Monday, August 31, 2015

Hogans v. Hogans Agency, Inc. (Ct. of Special Appeals)

Filed:  August 28, 2015

Holding: A corporation may require a stockholder, who is a direct competitor of the corporation, to sign a confidentiality agreement before inspection of the corporation’s books of accounts and other corporate records.

Facts:  Stockholder (the “Stockholder”) owns 37.5% of stock in an insurance and real estate brokerage company (the “Corporation”).  Stockholder also owns another real estate brokerage company that is a competitor to the Corporation.  The Stockholder asserted that his right to request an inspection of company records falls under Sections 2-512 and 2-513 of the Maryland General Corporation Law (the “MGCL”). Section 2-513 broadens the rights for stockholder's who have had at least 5% of the outstanding stock of a corporation, for at least six months. A stockholder who fits the criteria has the right to inspect the "book of accounts" of the corporation. 

The Corporation responded to the request by providing the Stockholder with copies of the Corporation’s bylaws, minutes of the proceedings of the Corporation’s stockholders, an annual statement of affairs for the prior tax year and the name, address, and shares of each of the Corporation’s stockholders. The Corporation agreed to allow for the onsite inspection and copying of the books of accounts, under the condition that the Stockholder sign a confidentiality agreement, prohibiting the Stockholder from sharing the information with a third party.
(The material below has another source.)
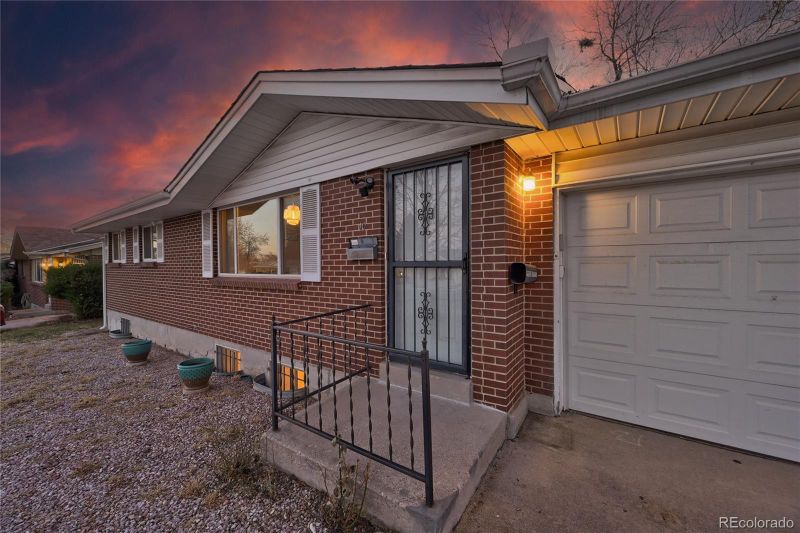 10 S Claremont St, Colorado Springs, CO 80910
The Stockholder refused and filed a pro se Complaint for Stockholder’s Right to Inspect requesting: 1) to gain immediate access to a copy of the books of account for inspection; 2) access to the Corporation’s photocopier free of charge; 3) the Corporation to pay for a complete audit of company records and 4) the Corporation to pay the Stockholder’s attorney’s fees and costs.

The trial court granted the Corporation’s motion for summary judgment ordering that a confidentiality agreement must be signed by the Stockholder in order for him to be allowed access to inspect corporate records. 

Analysis:  On appeal, the Stockholder argued the MGCL does not require that a stockholder sign a confidentiality agreement prior to inspection of a corporation’s records and that “possible competition” between a stockholder and a corporation is not sufficient to deny a stockholder his right of inspection.  The Court noted that the right of a stockholder to inspect the corporate records of a corporation is provided for under Sections 2-512 and 2-513 of the MGCL, which delineates the differences between the rights of any stockholder versus that of a stockholder who has owned more than 5% for six months.

The Court pointed to two case holdings regarding stockholder access to corporate records, that were reconciled through a treatise authored by James J. Hanks Jr.  In Weihmayer vs Bitner, 88 Md. 325 (1898), it was determined that a stockholder was entitled to an absolute right to inspect corporate records, that can be refused only through a finding that the intended use was “evil, improper of unlawful.”  In Wright v. Hebin, 111 Md. 644 (1910) the court decided it would allow for the refusal of access, if the court issued a writ of mandamus, where it decided what the proper safeguards to protect the interests of all concerned would be. Stockholders could gain access to information for “legitimate purposes.” 

Hanks agreed that a five-percent, six-month stockholder was entitled to inspect the books, for the purpose of protecting his equity investment, “but not for any other purpose, such as competing with the corporation.”  Hanks goes on to state that a corporation may take reasonable measures, such as conditioning the right to inspect corporate records upon the stockholder signing a confidentiality agreement, “to protect the corporation against disclosure and misuse of confidential documents and information.”

The Court relied upon this explanation of the rights of a stockholder to inspect, and agreed with the trial court’s “exercise of sound discretion” in requiring the Stockholder to sign a confidentiality agreement prohibiting him from sharing information with third parties.  The condition of allowing access, after a confidentiality agreement was signed, was found to be a reasonable means to prevent the Stockholder from using the inspection rights to gain information that could be used to advance his own competing business.

The full opinion is available in PDF.